Warm Winter Weather Weirds Out Massachusetts Wildlife (and me)!Is anyone else creeped out by this weird weather? Today, I walked around Boston in a t-shirt, just the latest oddity in a series of strange weather days this year. I heard peepers and frogswhile I was hiking last weekend, and the daffodils bloomed a week ago. And while in some ways I love some of it (the no-jacket part), I also get that it is a real problem.
Many Northeastern game species are threatened by mild winters (also see NWF’s “Game Changers” report), not to mention that sportsmen and hikers are coming home with ticks on them or on their dog. A recent radio piece talked to the president of the Berkshire County League of Sportsmen, and he said they had to cancel all their ice fishing derbies this year.
Right here in Massachusetts, we are seeing impacts that are more severe, too: the Springfield tornadoes, the Halloween snowstorm and power outages, and increased flooding from extreme storms (100 year storms every few years) throughout the region.
There are economic impacts not only from cleaning up from those natural disasters, but also from things like a shorter and less sweet maple sugaring season from New York to Vermont, cancelled ice fishing derbies, and a bad ski year on the East Coast all add up to a drop in revenue for businesses not to mention a drop in fun.
For gardeners, the whole map has moved! Who knows when the last frost free date is in their area any more? I put corn and peas in at least a month too late last year, because I went by the zones on the packages. This year I am going in a month ahead, but who knows if some late freak storm will kill all my plants.

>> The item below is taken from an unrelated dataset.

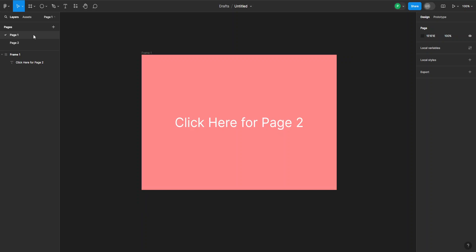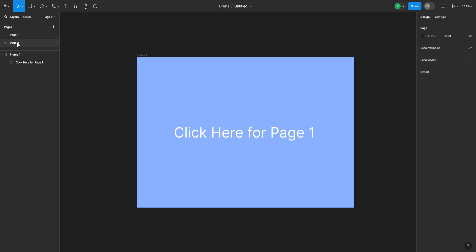In order to do this we can select a text which we want to link us to the new page. For example, I can go to my second page and I want to right click on that. That's all here on the left hand side under the layers by the way. Just right click on page two and click on copy link to page.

This kind of oddball winter weather is exactly what climate scientists say we can expect in a warming world. This is why it is more important than ever to stand up for clean air now. The more we cut down on mercury and industrial carbon pollution coming out of smokestacks, the better chance we have of being able to enjoy our fine New England winters as well as our beautiful New England summers, each in their own time.